That night, I had a dream that I had woken up, and he was just waking up on the couch. I asked him if he wanted toast, and he said yes, so I made some. 

When I woke up for real, I went into the kitchen and found a few slices of bread out on the counter!!


----------



## coolj (Dec 12, 2000)

When I have a food dream, I'm usually dreaming that I'm at work, but the thing is that these particular dreams feel like I'm actually there. This one time, though, I had a really messed up dream where I was drowning in a swimming pool full of butter, don't ask me to explain that one, because it's to weird for words. As for your dream, CH, it sort of sounds like something out of the world of Harry Potter.


----------



## shroomgirl (Aug 11, 2000)

Butter poached PETA


----------



## culinarian247 (Jan 21, 2002)

Last night I was being chased by buttercream.
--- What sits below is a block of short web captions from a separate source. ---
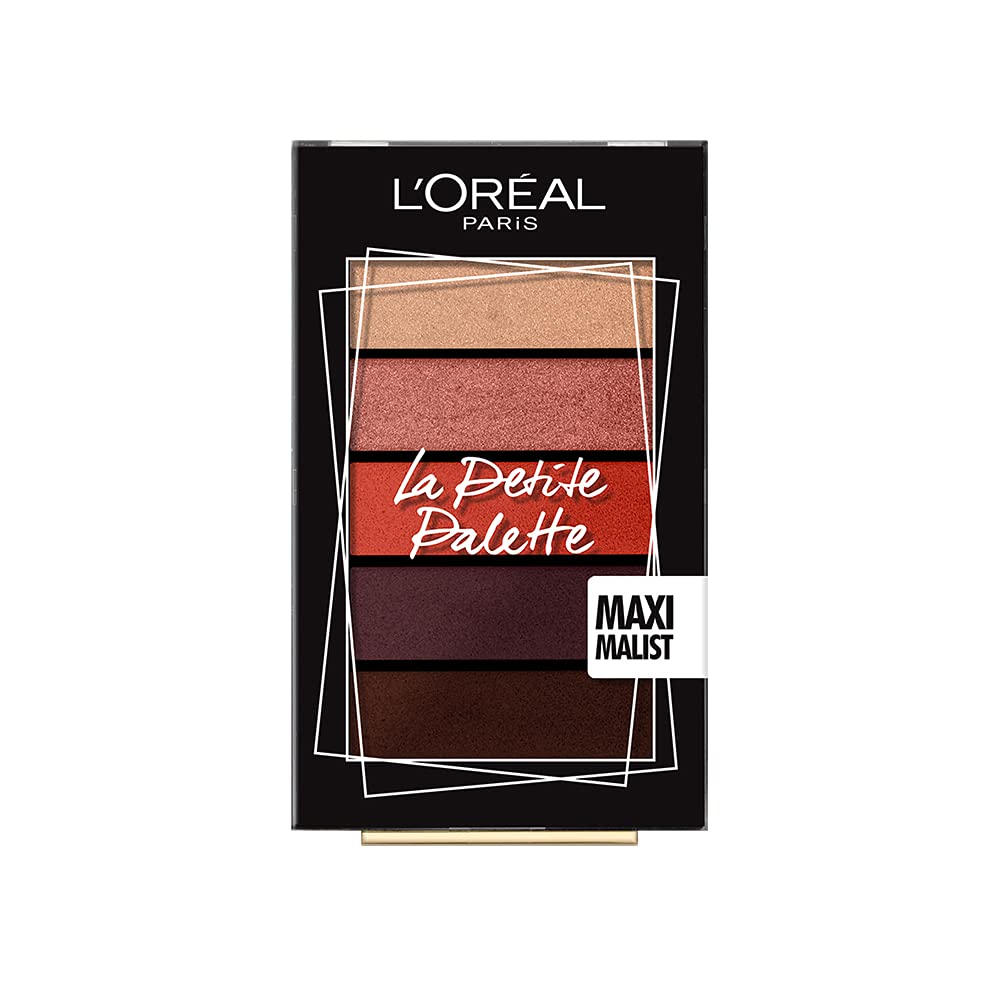 L'Oréal Paris Eyeshadow Palette,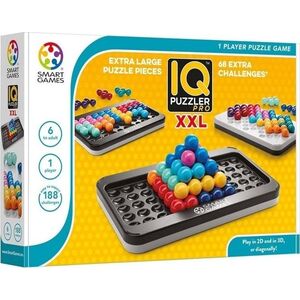 Iuvi Smart Games IQ Puzzler Pro XXL (ENG) IUVI Games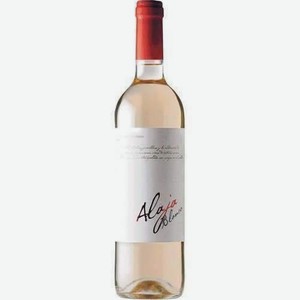Вино Алаха Бланко До Белое Сухое 11,5% 0,75л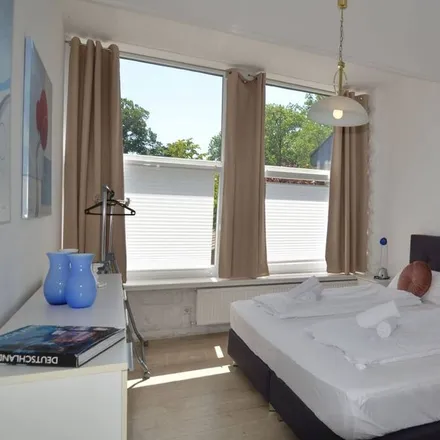 Rent this 1 bed apartment on Glücksburg (Ostsee) in Schleswig-Holstein, Germany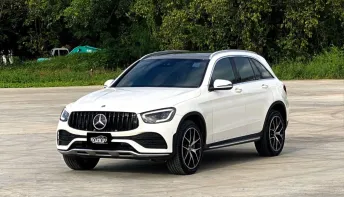 Mercedes-Benz GLC 300e 4Matic AMG Dynamic ปี2022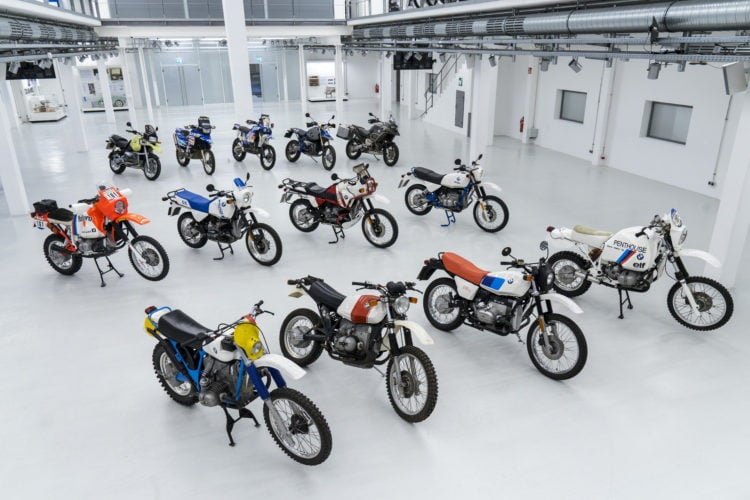BMW GS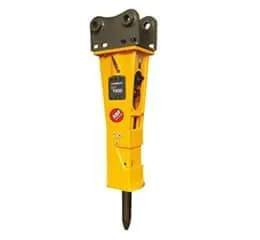 Rompedor Hidráulico Indeco HP 1800 ABF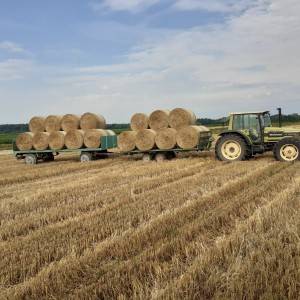 TRAKTOR HURLIMANN 6135 ELITE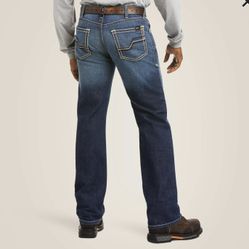 Ariat FR Mens M5 Duralight Riley Jeans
My wife says it's a sign telling me NOT to eat her doggone buttercream.  It's just too good to leave alone..........


----------



## katbalou (Nov 21, 2001)

my recurrent night mare was that the computer dupes kept coming and coming and i had a spatula in my hand to keep flipping the burgers on the grill. of course this was at a time i was in a job i really hated!!! no matter how fast if flipped the patties they just kept appearing, and i always woke up with the carpal tunnel pain in my arm!! i must've been doing the motion in my sleep!! it's a miracle i never cracked my husband over the head in one of these episodes.  
kat


----------



## chrose (Nov 20, 2000)

Nancy,
Nex time I have a real stumper I'll get in touch. Interesting analysis. Probably partially right in some aspects. I didn' think about it until just now, but I had another food related dream last night. I don't really recall it, but it involved trying to fix something in a big kitchen, finding myself outside witnessing a small plane crash and rushing back in to get to the kitchen where I know I had orders piling up, except that the chef was chinese and the restaurant, though not really a restaurant was chinese of some sort...
Man this is nothing. I have the absolute weirdest dreams in the world! Frued would have a field day!


----------